Traceback (most recent call last):
File "/home/.../bin/fairseq-generate", line 11, in
load_entry_point('fairseq', 'console_scripts', 'fairseq-generate')()
File "/home/.../fairseq/fairseq_cli/generate.py", line 197, in cli_main
main(args)
File "/home/.../fairseq/fairseq_cli/generate.py", line 111, in main
hypos = task.inference_step(generator, models, sample, prefix_tokens)
File "/home/.../fairseq/fairseq/tasks/fairseq_task.py", line 277, in inference_step
return generator.generate(models, sample, prefix_tokens=prefix_tokens)

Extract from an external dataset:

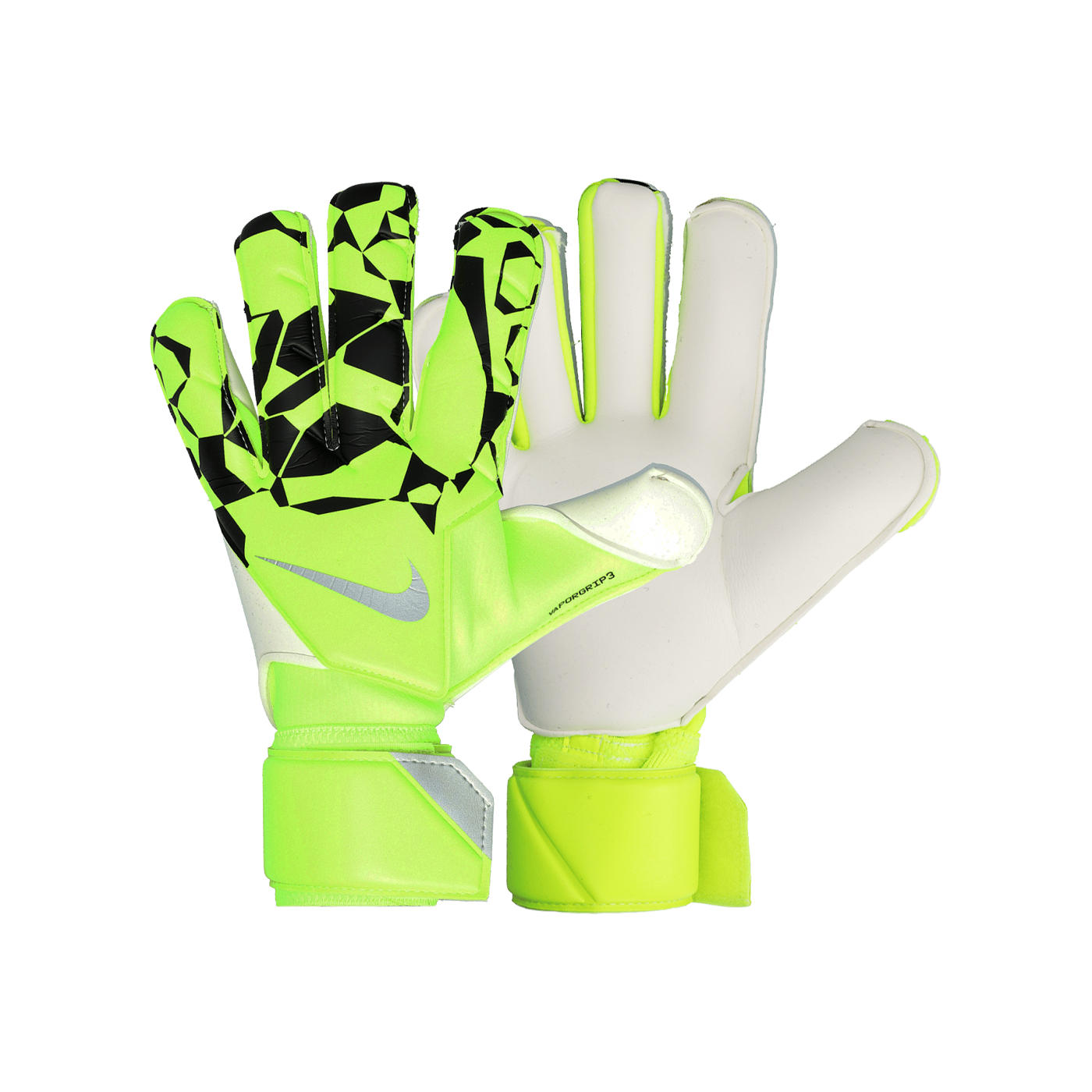 Nike GK Vapor Grip 3 Promo TW-Handschuh Gelb F702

File "/home/.../lib/python3.7/site-packages/torch/autograd/grad_mode.py", line 15, in decorate_context
return func(*args, **kwargs)
File "/home/.../fairseq/fairseq/sequence_generator.py", line 113, in generate
return self._generate(model, sample, **kwargs)

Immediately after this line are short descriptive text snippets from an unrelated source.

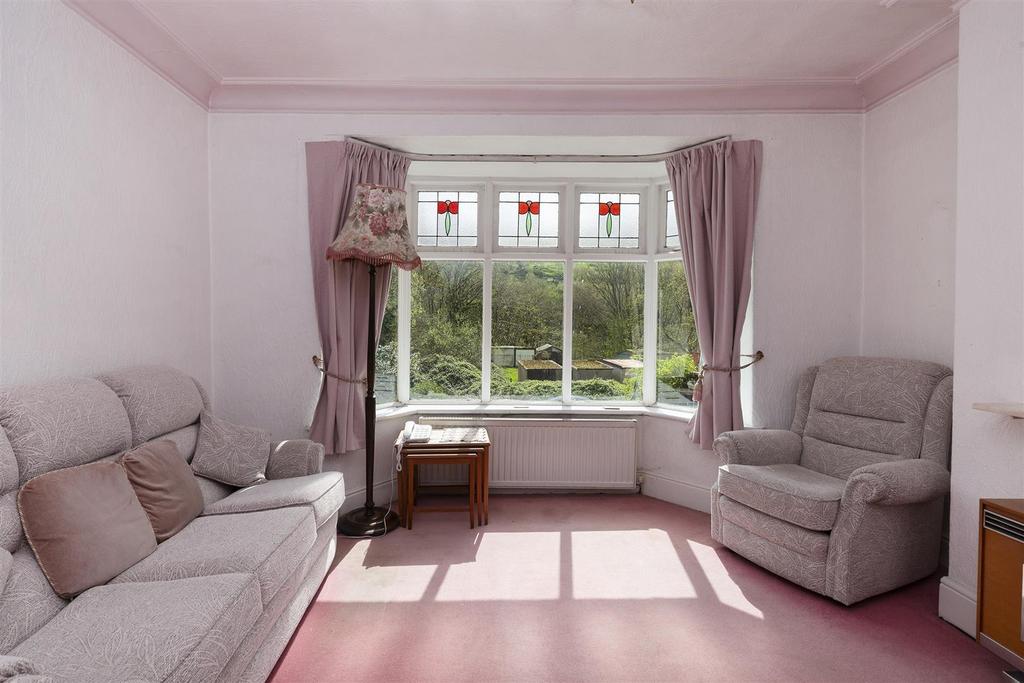 Bramleys Estate Agents - Rochdale Road - Triangle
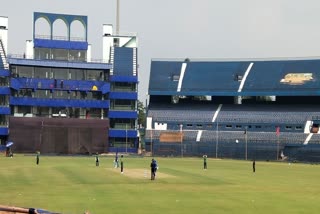 Womens challengers Trophy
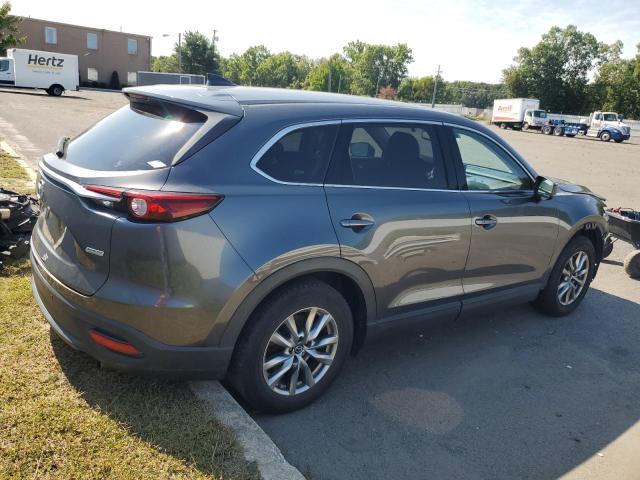 Photo 3 from auction – 2018 MAZDA CX-9 TOURI with VIN JM3TCBCY6J0202352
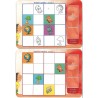 Petit Sudoku pour Grosse Colère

File "/home/.../lib/python3.7/site-packages/torch/autograd/grad_mode.py", line 15, in decorate_context
return func(*args, **kwargs)
File "/home/.../fairseq/fairseq/sequence_generator.py", line 378, in _generate
scores.view(bsz, beam_size, -1)[:, :, :step],
File "/home/.../fairseq/fairseq/search.py", line 81, in step
torch.div(self.indices_buf, vocab_size, out=self.beams_buf)
RuntimeError: Integer division of tensors using div or / is no longer supported, and in a future release div will perform true division as in Python 3. Use true_divide or floor_divide (// in Python) instead.

Are we supposed to do something like this to get around it? :-)

Emmm, I don't think I met this error before but the solution seems reasonable. Wondering whether you have fixed this issue.

That solved the problem. Thanks Liyuan!